Exploration Log 10: Interview with Jaroslav Olša, Jr., author of Dreaming of Autonomous Vehicles: Miloslav (Miles) J. Breuer: Czech-American Writer and the Birth of Science Fiction  (2025)

Over the last few years, I have incorporated a smattering of the vast range of spectacular scholarship on science fiction into my reviews and highlighted works with my Exploration Log series that intrigue me.1 Today I have an interview with Jaroslav Olša, Jr. about his brand-new book, Dreaming of Autonomous Vehicles: Miles (Miroslav) J. Breuer: Czech-American Writer and the Birth of Science Fiction (2025). In the book, he covers the life and career of Miles (Miroslav) J. Breuer (1889-1945), the first SF author to regularly write original stories for Hugo Gernsback’s Amazing. Breuer’s career also provides a fascinating window into the literary and cultural world of immigrants in late 19th and early 20th century America.

You can buy an inexpensive physical copy ($15.80 at last look) directly from Space Cowboy Books here (preferred) and on Amazon.


Thank you so much for agreeing to this interview. First, can you introduce yourself and your interests in science fiction?

Since childhood, I have loved reading science fiction, but — except for a short time — I have not been professionally attached to it. After studying Asian and African Studies and social sciences in Prague, Tunis and Amsterdam, I joined the Czech diplomatic three decades ago, and have served in various positions including Director of the African Dept. and the Head of the Policy Planning Dept. at the Czech Ministry of Foreign Affairs. I also served as a Czech Ambassador three times: to Zimbabwe for six years, to South Korea for another six years, and to the Philippines for four years. Since December 2020, I have served as Czech Consul General in Los Angeles in charge of the US West.

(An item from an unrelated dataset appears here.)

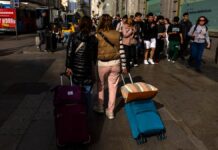 Las viviendas turísticas se reducen un 4% en los destinos más visitados de España | Economía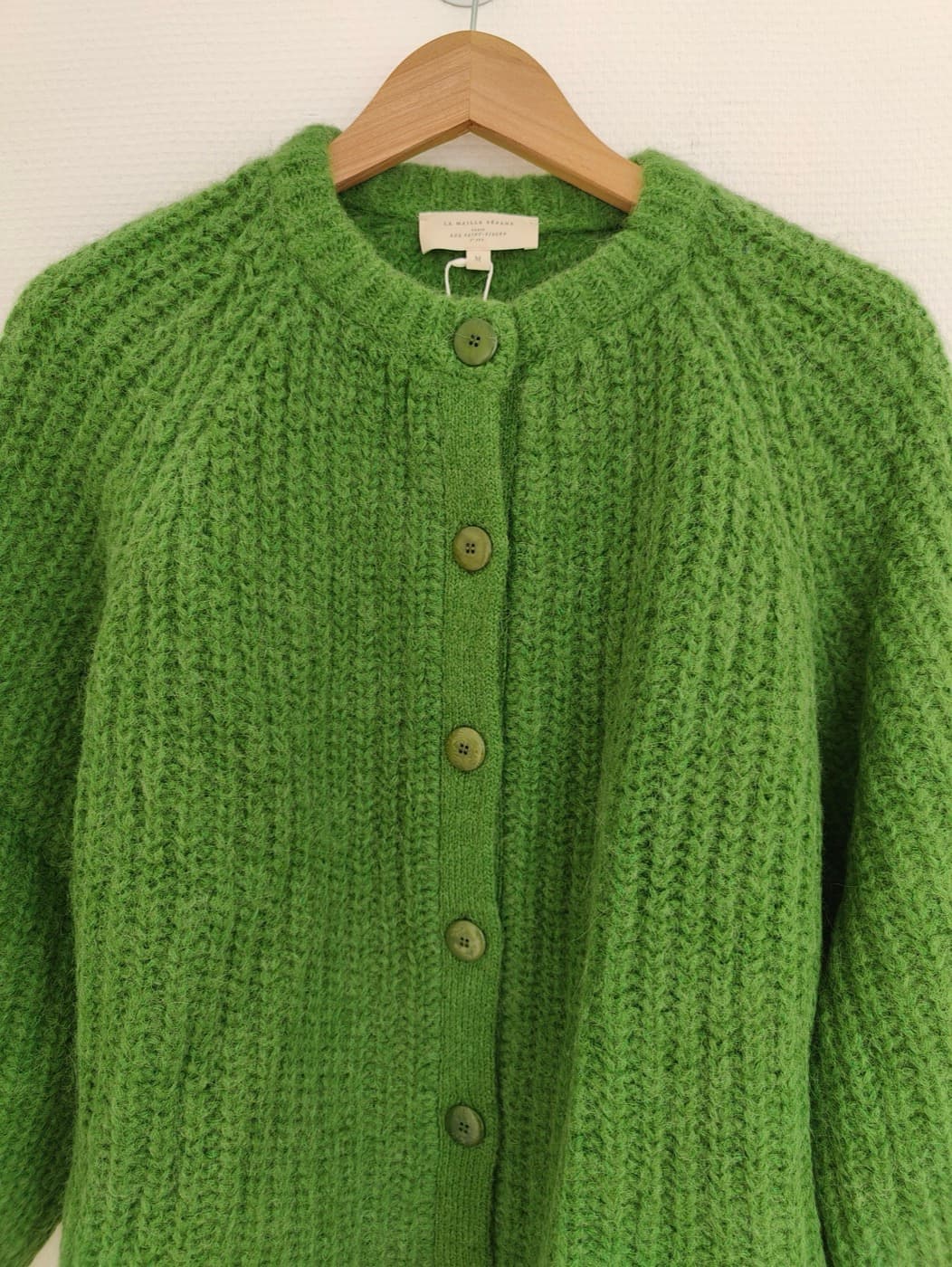 Cardigan Sézane vert en maille côtelée – Taille M — photo 2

In the early 1980s, I became a part of a small but very active fandom when—in the then communist Czechoslovakia—the first science fiction club emerged. I started the SF fanzine Ikarie XB, which in 1990 turned into the first Czech-language professional SF magazine Ikarie, with monthly editions until 2024.

I have also translated many short stories and edited numerous SF anthologies, but never wrote fiction. But since the very beginning, the center of my interest in SF was to write about science fiction. I co-edited and authored entries in the only Czech SF encyclopedia, published in 1995. Thus my book about Miles (aka Miloslav) J. Breuer is somewhat of a culmination of my work on science fiction.

What drew you to the science fiction of Miles (Miloslav) J. Breuer (1889-1945)?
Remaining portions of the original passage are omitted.